◆ The data ◆
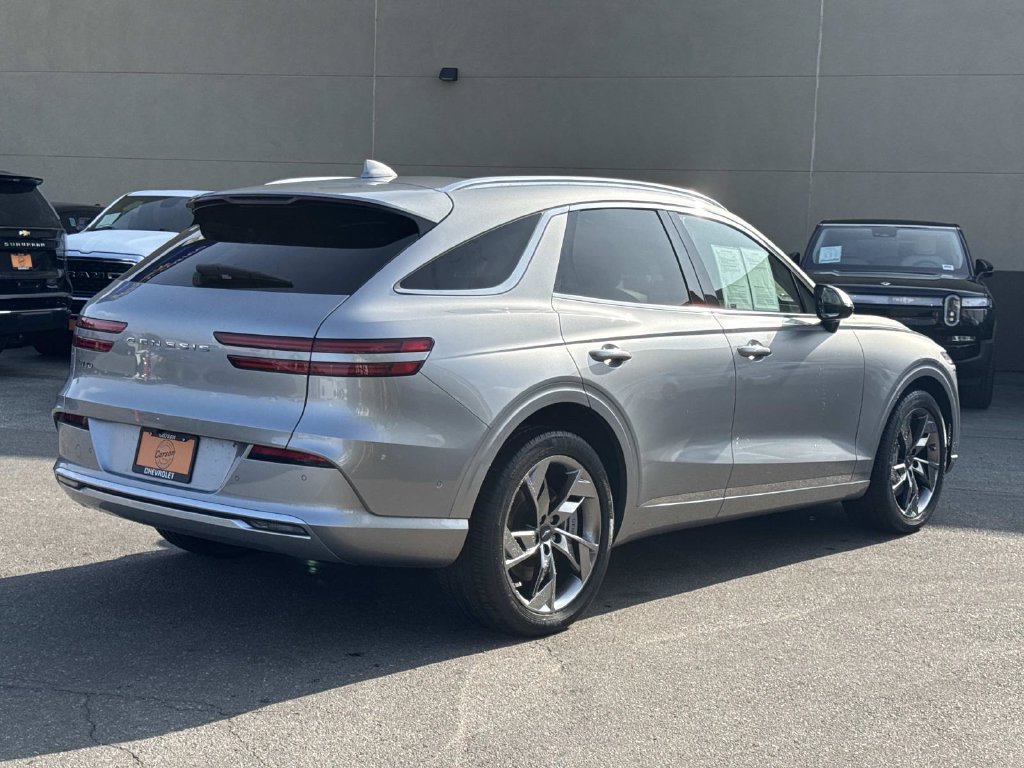Used 2023 Genesis Electrified GV70 AWD/4WD image 3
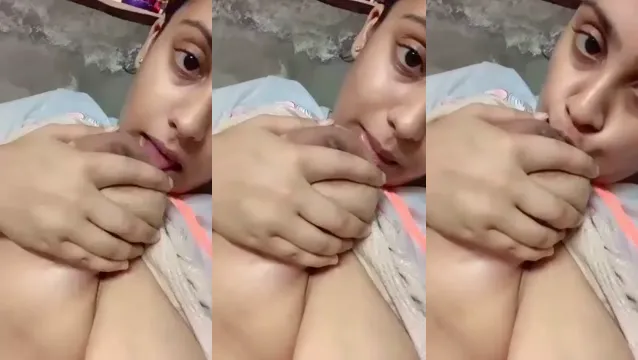 Watch Desi Girl suce ses seins lors d'un appel vidéo - Fuite d'une tease coquine full viral video leaked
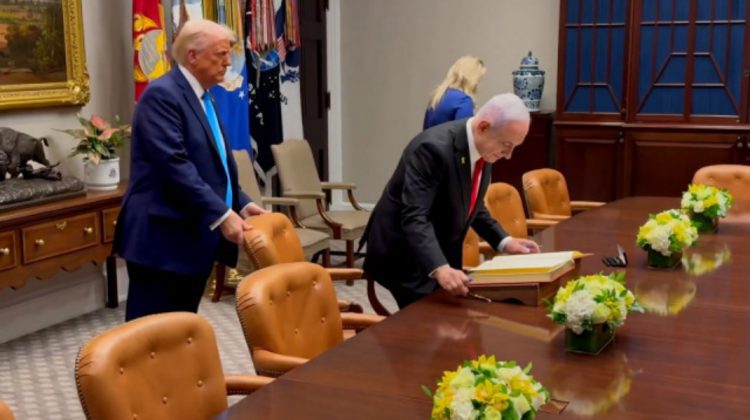 VIDEO Trump „s-a transformat în sclavul Israelului”. Momentul în care îi așează scaunul lui Netanyahu a devenit viral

◆ Exercise brief ◆
Repeat every line of the data above exactly, but drop the pictures.

◆ Answer ◆
Used 2023 Genesis Electrified GV70 AWD/4WD image 3
 Watch Desi Girl suce ses seins lors d'un appel vidéo - Fuite d'une tease coquine full viral video leaked
 VIDEO Trump „s-a transformat în sclavul Israelului”. Momentul în care îi așează scaunul lui Netanyahu a devenit viral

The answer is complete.